Voyager 2: Nasa fully back in contact with lost space probe
Nasa is back in full contact with its lost Voyager 2 probe months earlier than expected, the space agency said.
In July a wrong command was made to the spacecraft, sent to explore space in 1977, changing its position and severing contact.
A signal was picked up on Tuesday but thanks to an “interstellar shout” – a powerful instruction – its antenna is now back facing Earth.
Nasa had originally pinned hopes on the spacecraft resetting itself in October.
It took 37 hours for mission controllers to figure out if the interstellar command had worked as Voyager 2 is billions of miles away from Earth.
Staff used the “highest-power transmitter” to send a message to the spacecraft and timed it to be sent during “the best conditions” so the antenna lined up with the command, Voyager project manager Suzanne Dodd told AFP.
After communications were lost, the probe had been unable to receive commands or send back data to Nasa’s Deep Space Network – an array of giant radio antennas across the world.
But the space agency confirmed on 4 August that data had been received from the spacecraft and it was operating normally.
Nasa expects the spacecraft laden with science instruments to remain on its planned trajectory through the universe.
On Monday, the space agency said its huge dish in Australia’s capital, Canberra, was trying to detect any stray signals from Voyager 2. This was when the first faint “heartbeat” signal was heard.
The antenna had been bombarding Voyager 2’s area with the correct command, in the hope of somehow making contact, Nasa’s Jet Propulsion Laboratory, which manages the Voyager missions, said.
The probe is programmed to reset its position multiple times each year to keep its antenna pointing at Earth. The next reset is due on 15 October, which Nasa had rested its hopes on if all other attempts had failed.
Voyager 2 and its twin Voyager 1 are the only spacecraft ever to operate outside the heliosphere, the protective bubble of particles and magnetic fields generated by the Sun.

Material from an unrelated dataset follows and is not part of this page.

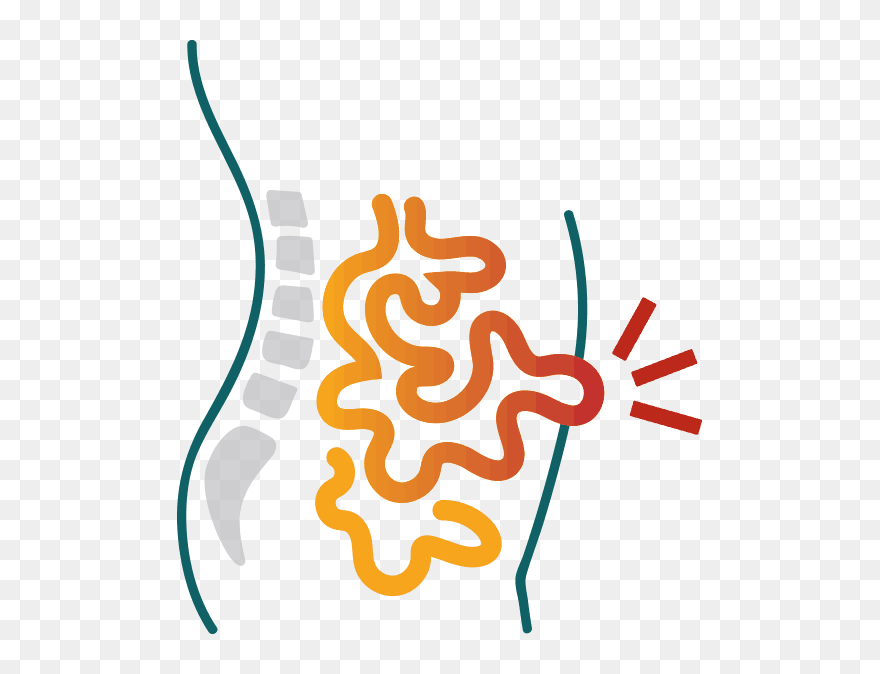 Hernia Clipart - Png Download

They reached interstellar space in 2018 and 2012 respectively.
The probes were designed to take advantage of a rare alignment of outer planets, which occurs about every 176 years, to explore Jupiter and Saturn.
Voyager 2 is the only spacecraft ever to fly by Neptune and Uranus, while Voyager 1 is now nearly 15 billion miles away from Earth, making it humanity’s most distant spacecraft.
Once both spacecraft run out of power – expected sometime after 2025 – they will continue roaming through space.